The goal of the bachelor thesis is to implement a framework for motion capture of movement during music performance. The musician will be playing an instrument (eg. guitar) and the movement of his arms, hands and fingers is going to be captured. For the capturing, the inertial-based motion capture suit and gloves will be used.
Additionally, the whole performance will be captured by RGBD camera and animated pointcloud will be generated. This can be used for skeleton refitting and recalibration. The scanned pointcloud can be used for generation of a mesh model of the musician.
There is still limited existing research that relates directly to the area of guitar performance motion capturing,
however related data collection is required for analysis.
First article (2015) describes a method for the extraction of instrumental controls during guitar
performances based on the analysis of multimodal data consisting of a combination of motion
capture, audio analysis and musical score. High speed video cameras based on marker
identification are used to track the position of finger bones and articulations and audio is
recorded with a transducer measuring vibration on the guitar body. The extracted parameters are
divided into left hand controls, i.e. fingering (which string and fret is pressed with a left hand
finger) and right hand controls, i.e. the plucked string, the plucking finger and the characteristics
of the pluck (position, velocity and angles with respect to the string). Note onsets are detected via
audio analysis, the pitch is extracted from the score and distances are computed from 3D
Euclidean Geometry.
The two most relevant contributions of the method are (1) the combination of multimodal data, (2)
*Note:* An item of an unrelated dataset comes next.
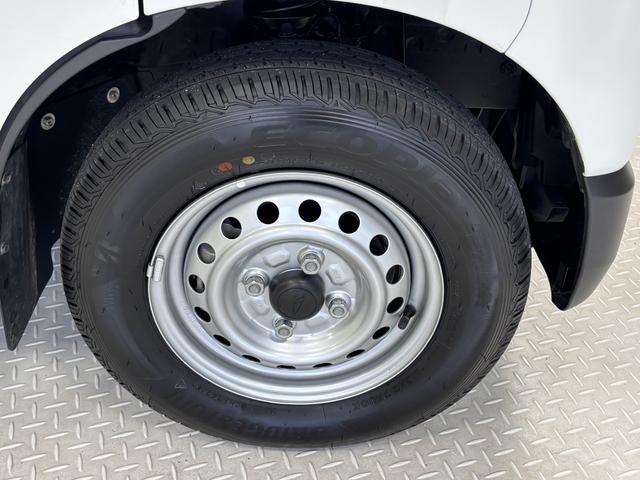 ハイゼットカーゴDXAM・FMラジオ マニュアルエアコン オートライト CVT(長野県)の中古車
interpolation of marker trajectories and the use of a plucking window makes marker identification
more robust and boosts the estimation rates.
The same method for motion capture as in the first article was also used in the dissertation by
Jonathan Norton (2008). Several different approaches, mainly using data acquisition gloves,
have been attempted, but in the case of right-hand classical guitar articulations, these gloves
proved to be either too bulky, did not have the fingertips exposed so the guitarist could pluck the
strings, or did not have enough resolution or a high enough sampling rate to capture fine finger
movement. However, since the dissertation has been written, data gloves technologies have
been developing so that they would be potentially able to remove the limitations encountered
during this research.
The final approach in the dissertation thesis was based on the relative marker movement of each
marker. These relative movement calculations allowed to filter out the compound marker
movements (in much the same way as it would be done with joint angle analysis). Through the
use of the multi-dimensional data reduction technique of singular value decomposition (SVD),
each articulation was reduced to its fundamental shape components, in this case frames and
markers. Using autocorrelation and peak detection, only those components that exhibited a
certain level of periodicity were picked. Finally, to aid in the threshold investigation and
dimensionality data reduction, the concept of regions of interest (ROI) was introduced (where to
begin looking for marker activity for each articulation).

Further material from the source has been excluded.